What actually breaks (and what it looks like at 2 a.m.)
I don’t trust “known issues: none” from any project. I trust symptoms.
- Removed API usage: Helm upgrades fail, controllers crash-loop, kubectl apply returns “no matches for kind.” Fix the manifests and controller client libraries before you retry the upgrade.
- Version skew violations: Kubelets refuse to register, control plane components behave oddly, and the cluster feels unstable. Back up, stop, and bring versions back into a supported range.
- CNI/CSI mismatch: Pods stick in Pending, nodes show Ready but have no networking, or volumes refuse to attach. Upgrade the add-on to a compatible version, and verify daemonsets roll across every node.
FAQ
Can you skip minor versions when upgrading Kubernetes? For kubeadm upgrades, upstream docs say skipping minor versions is unsupported. In managed services, providers sometimes abstract this, but you still pay the compatibility cost, so test like you are skipping even if the UI lets you click through.
Do you upgrade the control plane or worker nodes first?
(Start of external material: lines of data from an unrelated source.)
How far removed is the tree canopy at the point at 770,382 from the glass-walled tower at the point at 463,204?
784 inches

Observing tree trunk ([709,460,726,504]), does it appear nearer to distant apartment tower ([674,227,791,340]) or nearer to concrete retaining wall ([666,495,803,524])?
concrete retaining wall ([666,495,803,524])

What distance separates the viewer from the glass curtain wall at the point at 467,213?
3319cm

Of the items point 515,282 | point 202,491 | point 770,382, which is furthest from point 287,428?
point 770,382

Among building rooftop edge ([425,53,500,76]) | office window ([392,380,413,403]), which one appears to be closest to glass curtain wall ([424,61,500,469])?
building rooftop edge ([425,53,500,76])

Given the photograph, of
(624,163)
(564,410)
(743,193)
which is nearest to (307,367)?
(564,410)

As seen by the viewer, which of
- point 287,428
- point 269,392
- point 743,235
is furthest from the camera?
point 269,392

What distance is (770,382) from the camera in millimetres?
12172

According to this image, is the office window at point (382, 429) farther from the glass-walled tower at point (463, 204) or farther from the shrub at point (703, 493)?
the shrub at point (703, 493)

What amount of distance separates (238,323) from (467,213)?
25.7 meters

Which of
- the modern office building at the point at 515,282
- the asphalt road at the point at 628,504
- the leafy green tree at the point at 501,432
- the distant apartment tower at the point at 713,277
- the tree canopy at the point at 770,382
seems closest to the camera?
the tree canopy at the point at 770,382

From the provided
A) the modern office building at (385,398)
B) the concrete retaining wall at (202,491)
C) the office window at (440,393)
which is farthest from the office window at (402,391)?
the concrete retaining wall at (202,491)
Upgrade the control plane first, then workers. This keeps kubelet and control plane components inside supported skew rules.
Do you need to drain nodes for a minor version upgrade? Drain nodes before minor kubelet upgrades. I’ve seen teams skip drains “just this once,” then spend an hour untangling stuck pods and PDB blocks.
How do I know which APIs are removed in my target version? Use the Kubernetes Deprecated API Migration Guide for the target release, then audit both Git and live objects.
Should I upgrade to the latest patch of my current version first? Yes. It reduces surprise by picking up bug fixes before you change a minor boundary.